Chung Yeung festival (重陽節), otherwise known as as the Double-Ninth, the Festival of High Places or Autumn Remembrance, has been celebrated on the ninth day of the ninth lunar month for millennia. Similar to the Ching Ming Festival in spring, the Chung Yeung Festival is a special day of ancestor memorials. On this day, entire families congregate at cemeteries to engage in age-old practices of ancestor worship.
In Hong Kong & Macau, it is a public holiday. And this year the festival falls on October 9th, Sunday… which means we will have a compensate holiday on Monday… wheeeeeeeeeeee! As exciting as long weekend, there are some interesting traditional Chung Yeung Festival rituals you should know about.
Most traditionally, families go hiking to the city’s high points to perform cleansing rites and make offering to their ancestors. According to lore, this custom came from a legend whereby a man called Huan Jing from the Ru Nan province who consulted a divine deity called Fei Changfang about an epidermic that regularly breaks out along the banks of River Ru, killing many people. As advised by Fei Changfang, Huan Jing took all his fellow villagers, both young and old, with him to a nearby mountain on the ninth day of the ninth lunar month. He then returned to the village with the green dragon sword presented to him by Fei Changfang and killed the demon spreading the epidemic. Other legends also exist about the origin of Chung Yeung.
From then on, the Chung Yeung Festival has been commemorated as a day of family gatherings, hiking and grave-sweeping. With hindsight, the custom of hill climbing should be more encouraged as it provides a good opportunity for everyone to exercise and take in the sights of nature.
Besides hiking, Hong Kong people also like to go to the outdoors (like 23 country parks) for a picnic, with many people eating special cakes called ‘ko’. The name sounds similar to ‘high’ or ‘top’ (高) in Chinese and people eat them in the hope of being promoted to high positions. You can also enjoy the festivities by visiting local temples, monasteries and nunneries.
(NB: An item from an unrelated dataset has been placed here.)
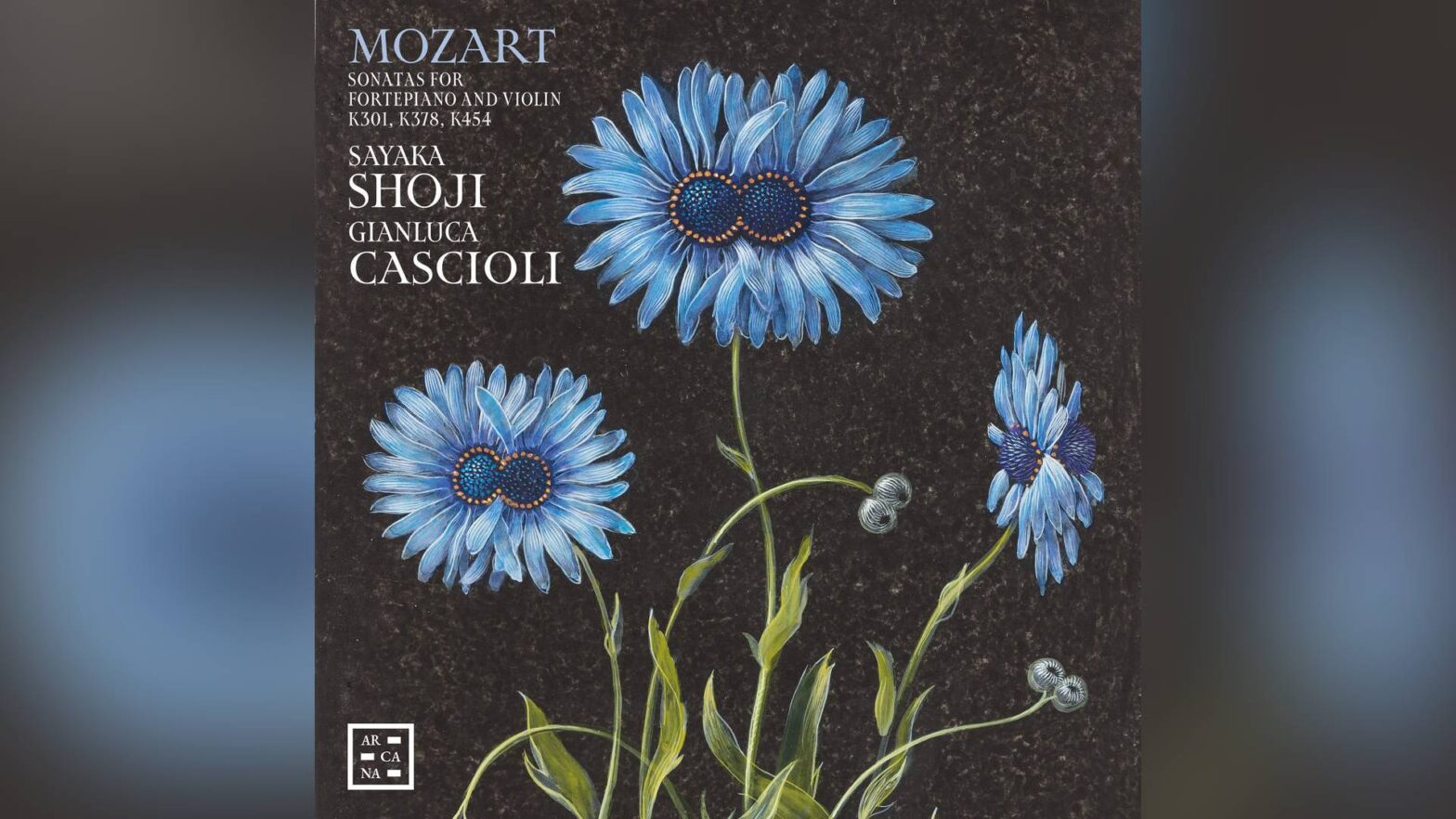Mozart sonate Shoji Cascioli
Another fun traditional custom at Chung Yeung is the flying of kites. Many believe that kites can carry bad luck up into the sky. and not return to the earth. Fly, fly away bad omen!
One thing that I would also like to highlight about this day is that tourist attractions, shops, restaurants and markets are open and in full swing. So if you want to enjoy a restful long weekend, try to avoid The Peak or Ngong Ping / Big Buddha on this day.